When a value is not a primitive and cannot be borrowed safely, ownership transfers to its new location. This is the fallback, and it is how Loon guarantees memory is freed exactly once, never twice and never not at all.

[fn consume [xs]
  [println [str "got " [len xs] " items"]]]

[let items #[1 2 3]]
[consume items]
; items has been moved — using it here is a compile error

Value Lifecycle

Every value in Loon moves through the same predictable arc: creation, use, and drop. No finalizers firing at unpredictable times, no weak references to track. Three stages, each with a known moment.

Creation

A value is created and bound to a name, and that name becomes its owner. Ownership begins here and follows the value wherever it travels.

[let user {:name "Ada" :age 30}]

Use

The value is read, passed to functions, woven into expressions. At each use, the compiler decides whether it is a borrow, temporary access that leaves ownership in place, or a move, a permanent transfer of ownership.

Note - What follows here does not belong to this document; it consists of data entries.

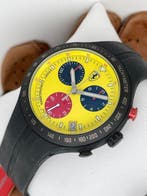 Ferrari - Pit Crew Chronograph Titan - SF01-YW - Heren -, Nieuw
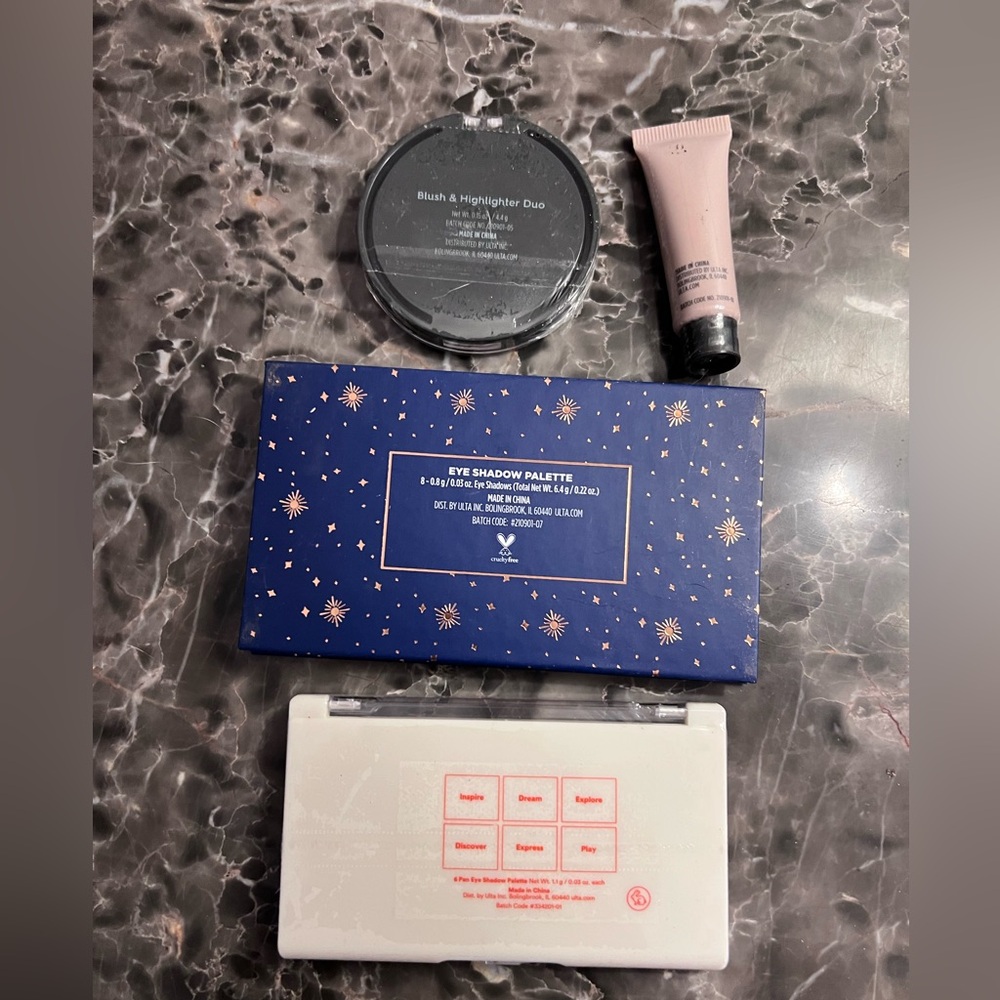 Ulta Beauty Eye Shadow Pallette - Picture 3 of 3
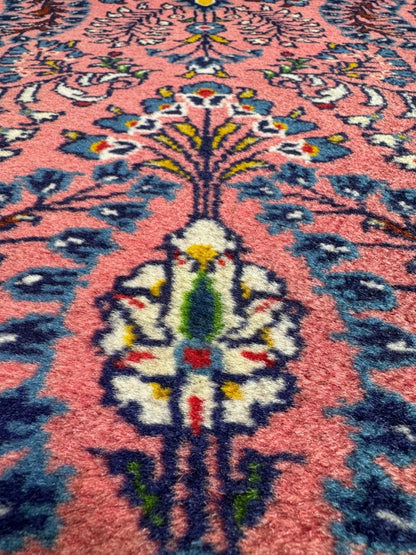 On Hold - Persian Sarouk Rug | 2' 3" x 4' 3"
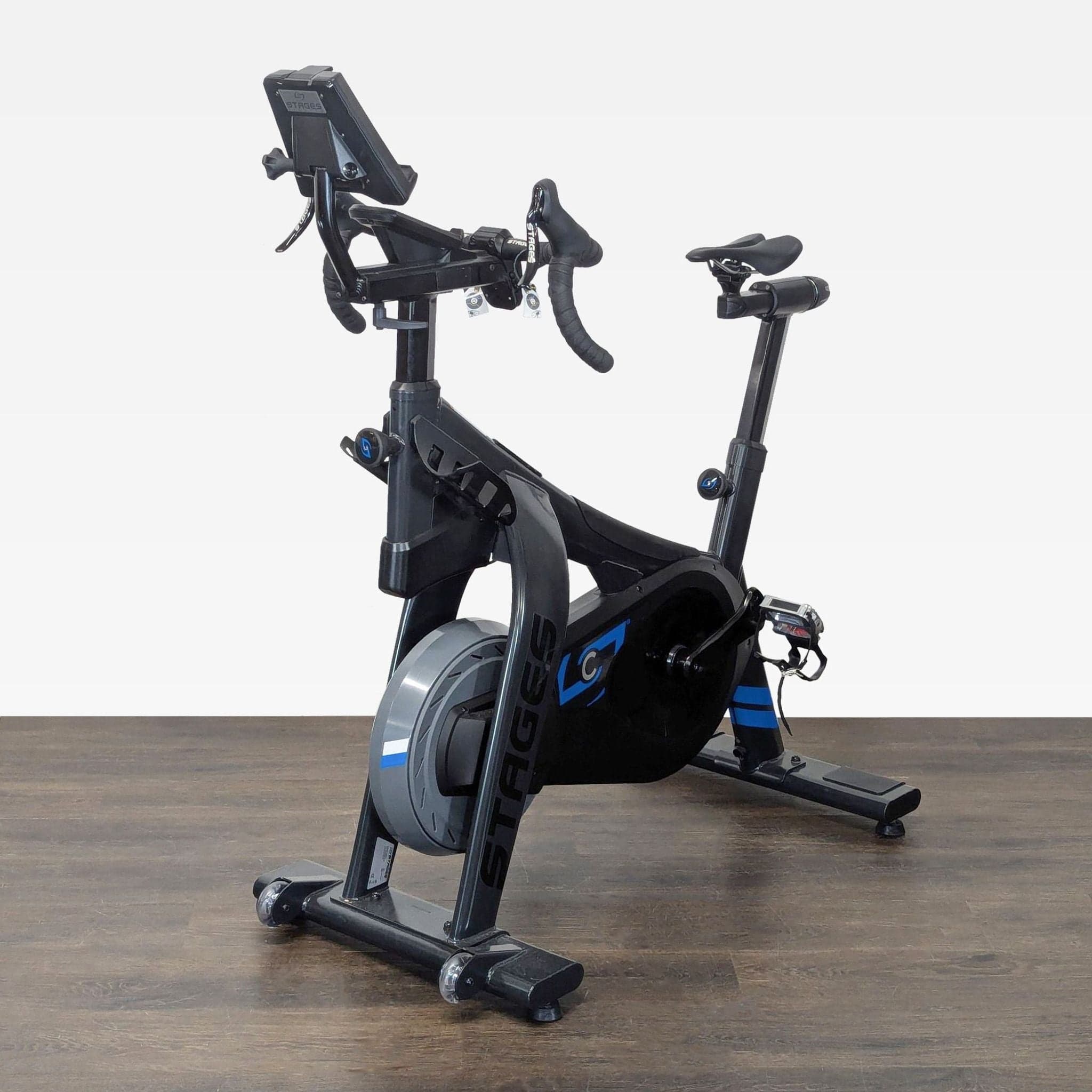 Stages Cycling Indoor Exercise Bike - Gym Quality Spin Bike - Thumbnail 2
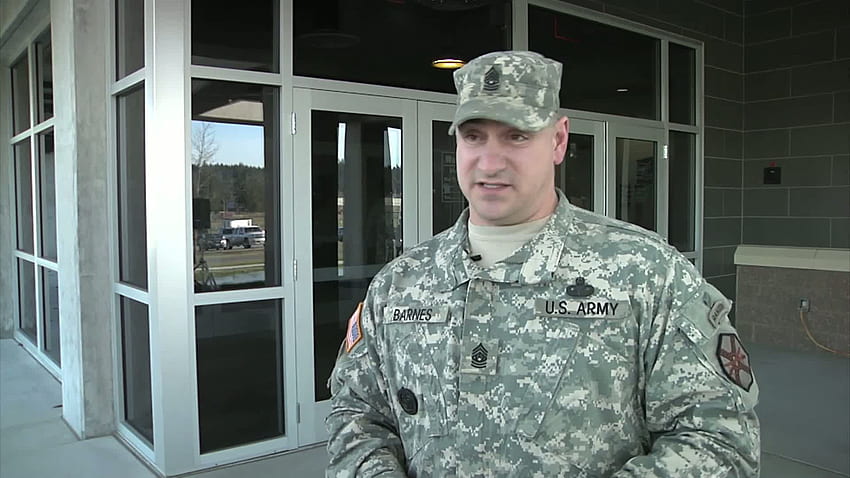 DVIDS - Video - Command Sgt. Maj. Matthew Barnes, Sergeant Barnes HD wallpaper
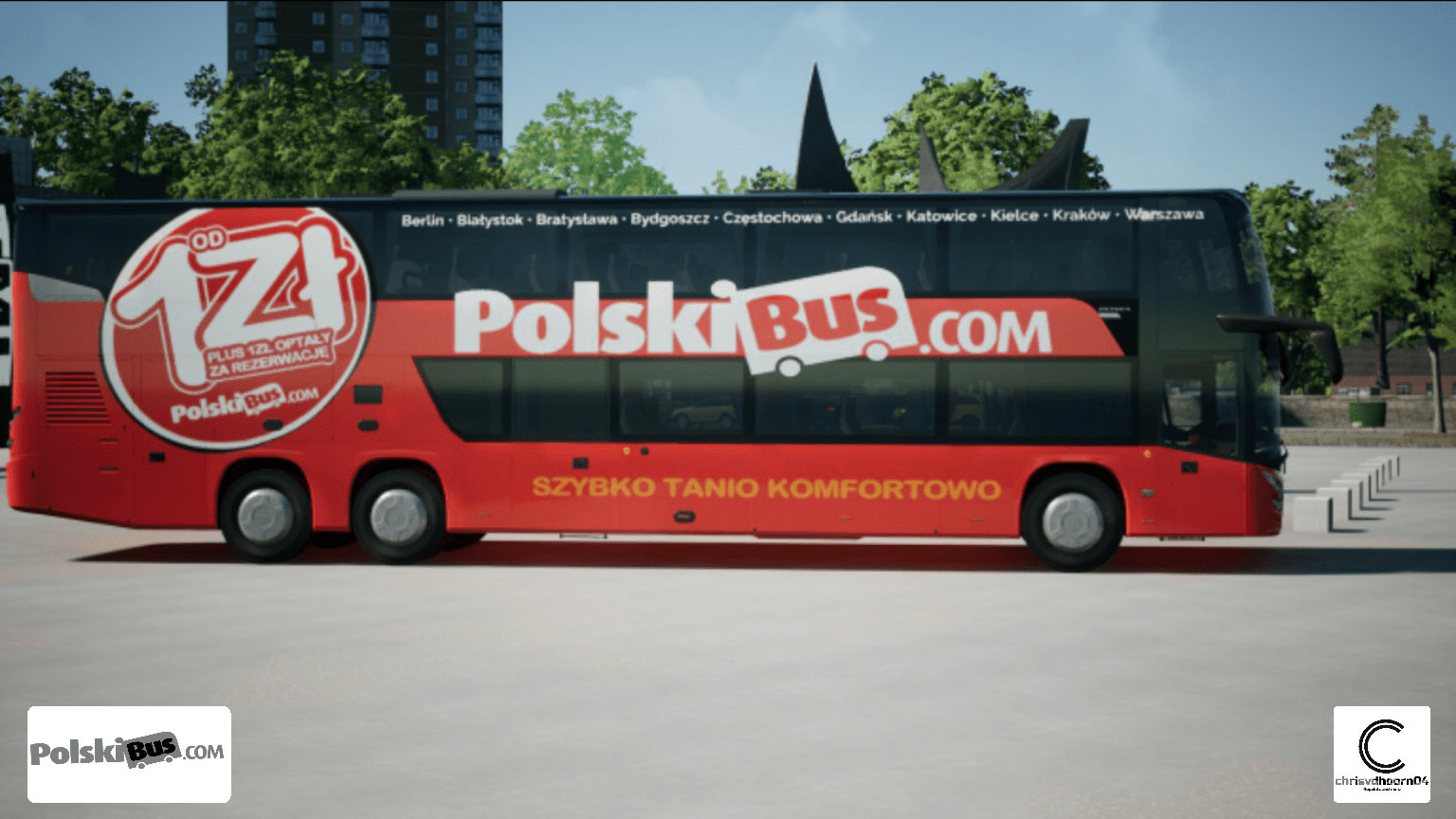 VDL Futura FDD2-141 - PolskiBus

[println [get user :name]]  ; borrow — user still valid
[save-to-db user]           ; move — ownership transfers

Drop

When the owner goes out of scope, the value is dropped and its memory reclaimed at once. Not "eventually, whenever the GC gets around to it." Now, at a point you can name in the source.

[fn process []
  [let data [load-data]]
  [let result [transform data]]
  result]
; data is dropped here (if it was moved to transform,
; it was dropped there instead)

Common Patterns

Clone when you need two owners

Sometimes you genuinely need the same data in two places. Clone it explicitly when you do. The explicit call keeps the cost on the page where you can see it, so every allocation has a visible cause.

[let a #[1 2 3]]
[let b [clone a]]
; both a and b are independent owners

Return instead of mutate

Prefer returning a new value to mutating an old one. Ownership makes this efficient rather than wasteful: when the compiler can see that nobody else is looking at the old value, it reuses that memory in place.

[fn add-item [cart item]
  [append cart item]]

[let cart #[]]
[let cart [add-item cart "book"]]
[let cart [add-item cart "pen"]]

Tip

Rebinding under the same name is idiomatic in Loon. Each let creates a fresh binding that shadows the one before it.

Pipeline-friendly design

The pipe operator and ownership fit together naturally, because each step consumes the result of the last and produces a fresh one. The intermediate values live exactly as long as they are needed, and not a moment longer.

[pipe #[1 2 3 4 5]
  [filter [fn [x] [> x 2]]]
  [map [fn [x] [* x 10]]]
  [fold 0 +]]

Each intermediate vector is consumed by the next step, and its memory is free to be reused at once. No garbage collector, no manual frees, only values flowing through the pipeline.